* _Problem to work on_
Print all of the data below exactly as it appears, leaving out every image.

* _Data provided_
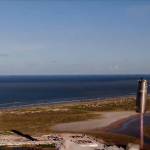 This photo provided by SpaceX shows a prototype of its Mars ship, Starship, is launched Tuesday, Aug. 5, 2020, in south Texas. Tuesday nights flight lasted barely 45 seconds, but was an important first for SpaceXs Starship. SpaceX chief Elon Musk tweeted: Mars is looking real. Musk says several more short hops are planned before a test version of Starship aims for a high altitude. The latest prototype is relatively plain: It stands a full-scale 100 feet tall and resembles a steel silo with a cap on top. (SpaceX via AP)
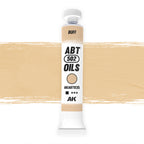 Abteilung 502 Buff AKABT035 20ml oil paint tube standing upright on a white background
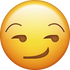 Download Smirk Face Emoji face [Iphone IOS Emojis in PNG]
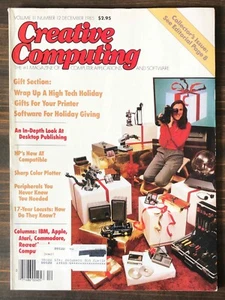 Creative Computing - 1985 December - Picture 1 of 3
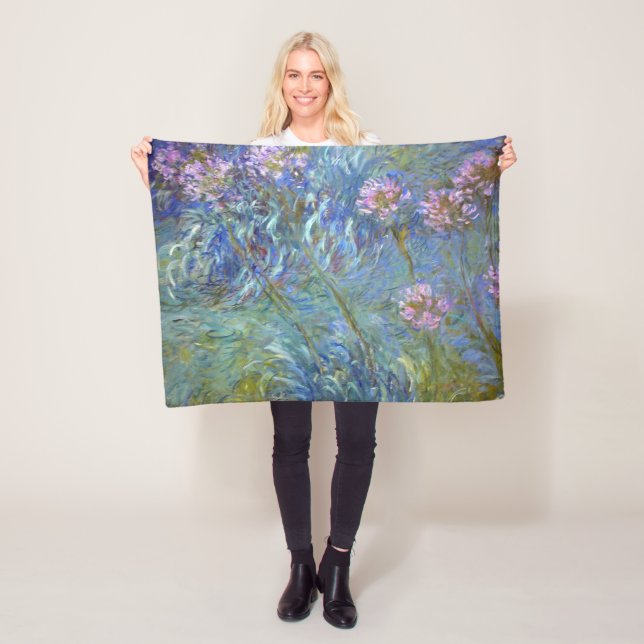Couverture Polaire Agapanthus, Monet (En situation)
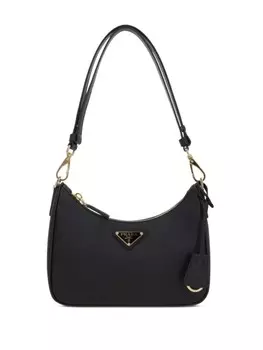 Кожаная сумка через плечо Re-Edition Prada, черный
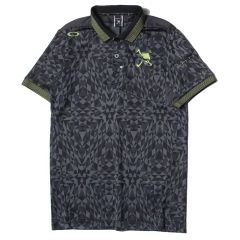 美品】OAKLEY スカル ゴルフ ポロシャツ 総柄 刺繍 黒× 緑 L - メルカリ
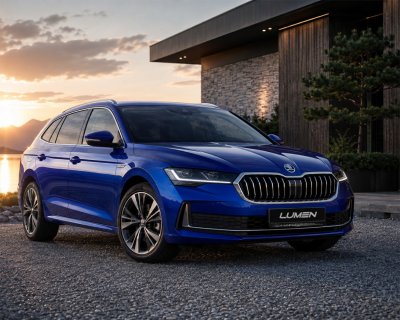 Ledrampspaket till Skoda Superb från 2024- | Lumen Helios CS20 Slim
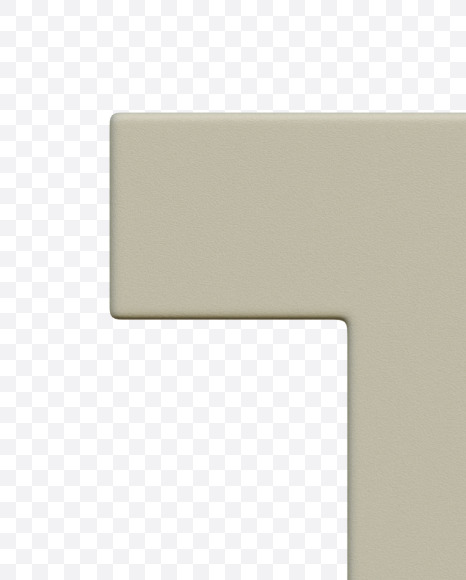 Letter T from Gboy 3d Alphabet - View 1 on Yellow Images Creative Fonts - S75729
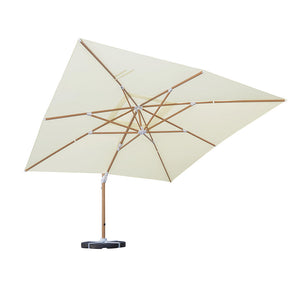 Ombrellone da Giardino Decentrato 4x4m Roma Wood beige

* _Problem solution_
 This photo provided by SpaceX shows a prototype of its Mars ship, Starship, is launched Tuesday, Aug. 5, 2020, in south Texas. Tuesday nights flight lasted barely 45 seconds, but was an important first for SpaceXs Starship. SpaceX chief Elon Musk tweeted: Mars is looking real. Musk says several more short hops are planned before a test version of Starship aims for a high altitude. The latest prototype is relatively plain: It stands a full-scale 100 feet tall and resembles a steel silo with a cap on top. (SpaceX via AP)
 Abteilung 502 Buff AKABT035 20ml oil paint tube standing upright on a white background
 Download Smirk Face Emoji face [Iphone IOS Emojis in PNG]
 Creative Computing - 1985 December - Picture 1 of 3
Couverture Polaire Agapanthus, Monet (En situation)
 Кожаная сумка через плечо Re-Edition Prada, черный
 美品】OAKLEY スカル ゴルフ ポロシャツ 総柄 刺繍 黒× 緑 L - メルカリ
 Ledrampspaket till Skoda Superb från 2024- | Lumen Helios CS20 Slim
 Letter T from Gboy 3d Alphabet - View 1 on Yellow Images Creative Fonts - S75729
 Ombrellone da Giardino Decentrato 4x4m Roma Wood beige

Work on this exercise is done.